Content starts
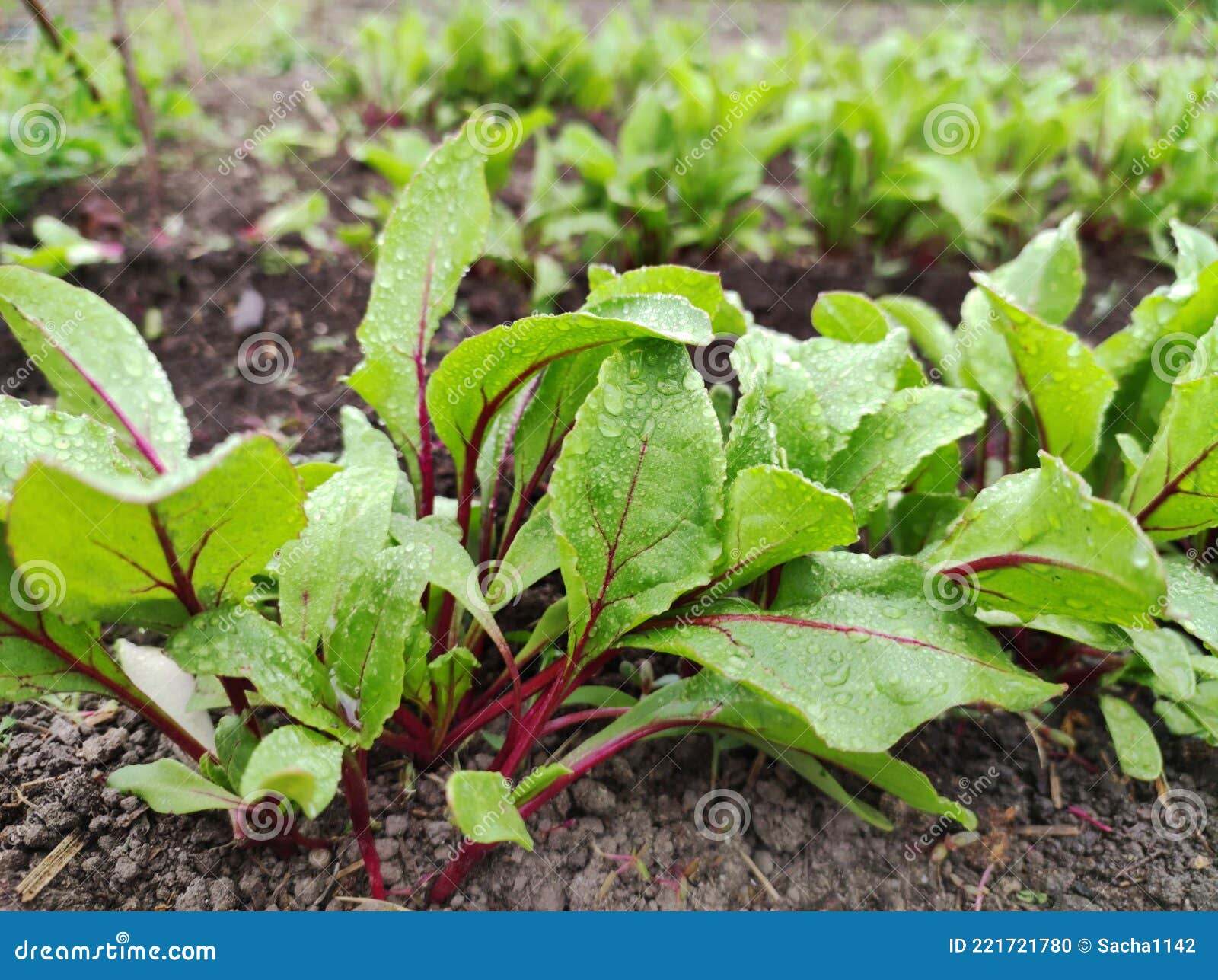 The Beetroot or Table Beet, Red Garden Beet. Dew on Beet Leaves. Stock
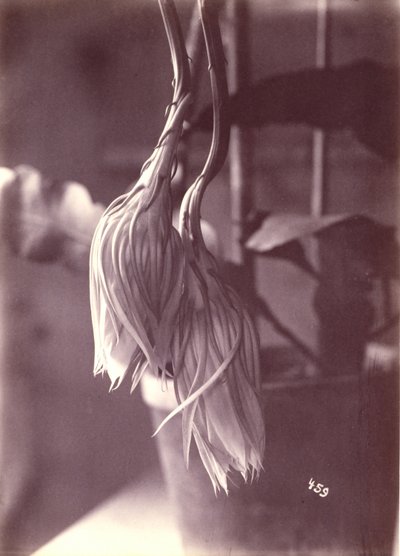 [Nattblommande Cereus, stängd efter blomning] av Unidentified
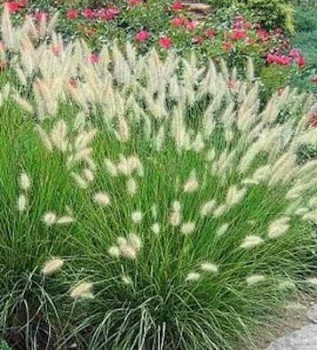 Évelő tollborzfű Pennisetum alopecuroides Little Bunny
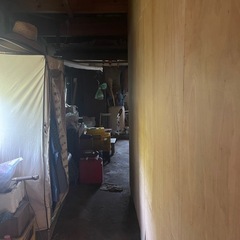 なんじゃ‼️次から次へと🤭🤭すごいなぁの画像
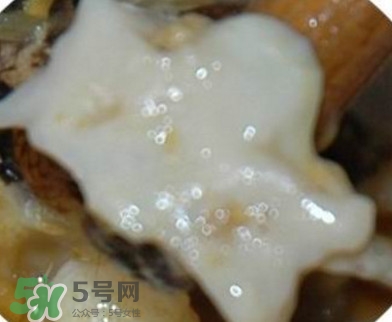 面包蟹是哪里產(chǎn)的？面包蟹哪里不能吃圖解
Content ends
Retype the entries exactly, skipping every picture.

 The Beetroot or Table Beet, Red Garden Beet. Dew on Beet Leaves. Stock
 [Nattblommande Cereus, stängd efter blomning] av Unidentified
 Évelő tollborzfű Pennisetum alopecuroides Little Bunny
 なんじゃ‼️次から次へと🤭🤭すごいなぁの画像
 面包蟹是哪里產(chǎn)的？面包蟹哪里不能吃圖解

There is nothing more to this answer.